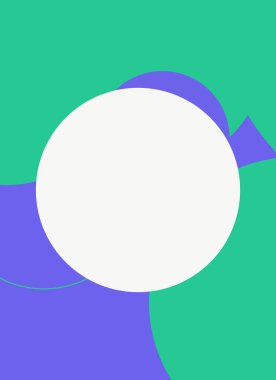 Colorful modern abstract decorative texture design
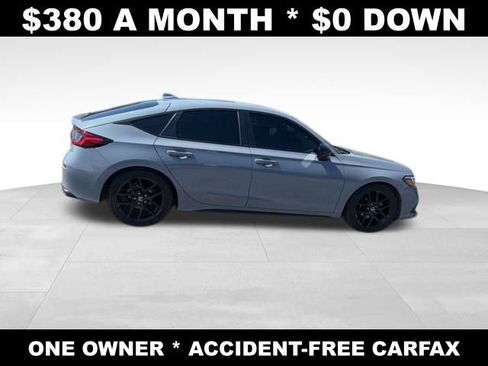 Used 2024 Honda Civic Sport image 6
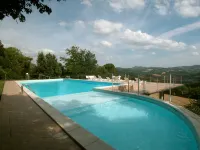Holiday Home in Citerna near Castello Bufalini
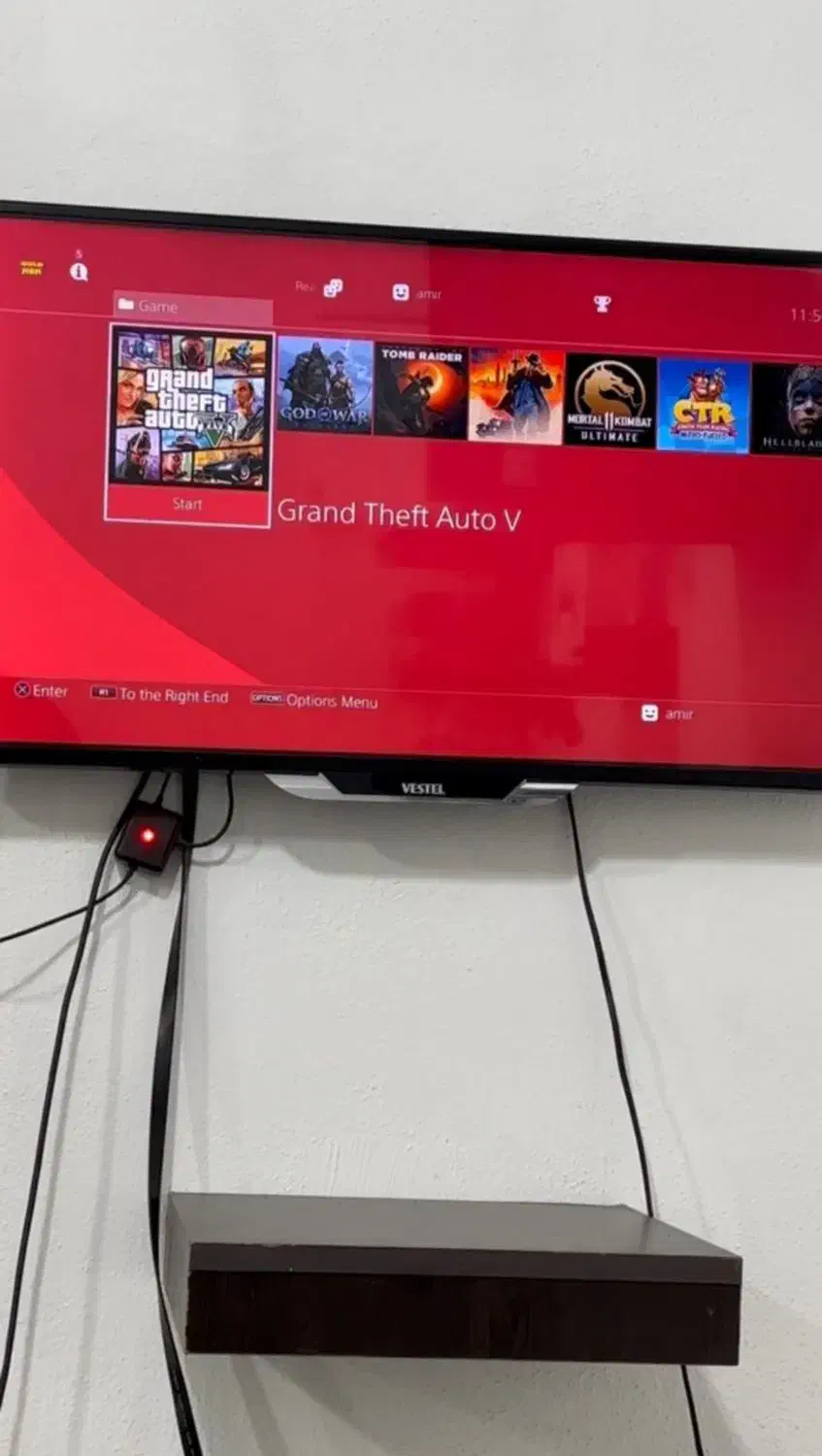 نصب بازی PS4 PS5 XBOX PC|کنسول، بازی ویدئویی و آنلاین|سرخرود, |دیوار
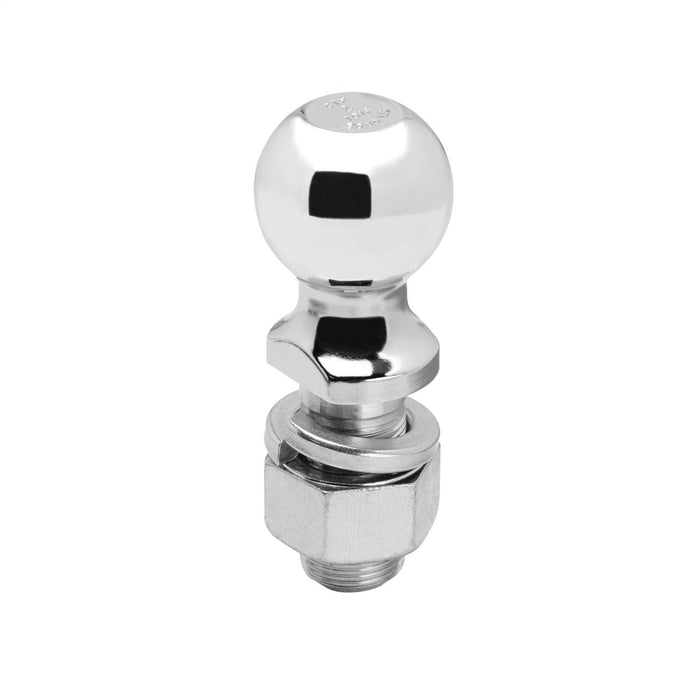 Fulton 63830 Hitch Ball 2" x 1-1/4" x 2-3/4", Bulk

* Exercise objective:
Return each record above as it stands. Pictures stay out.

* Answer section:
 Colorful modern abstract decorative texture design
 Used 2024 Honda Civic Sport image 6
Holiday Home in Citerna near Castello Bufalini
 نصب بازی PS4 PS5 XBOX PC|کنسول، بازی ویدئویی و آنلاین|سرخرود, |دیوار
 Fulton 63830 Hitch Ball 2" x 1-1/4" x 2-3/4", Bulk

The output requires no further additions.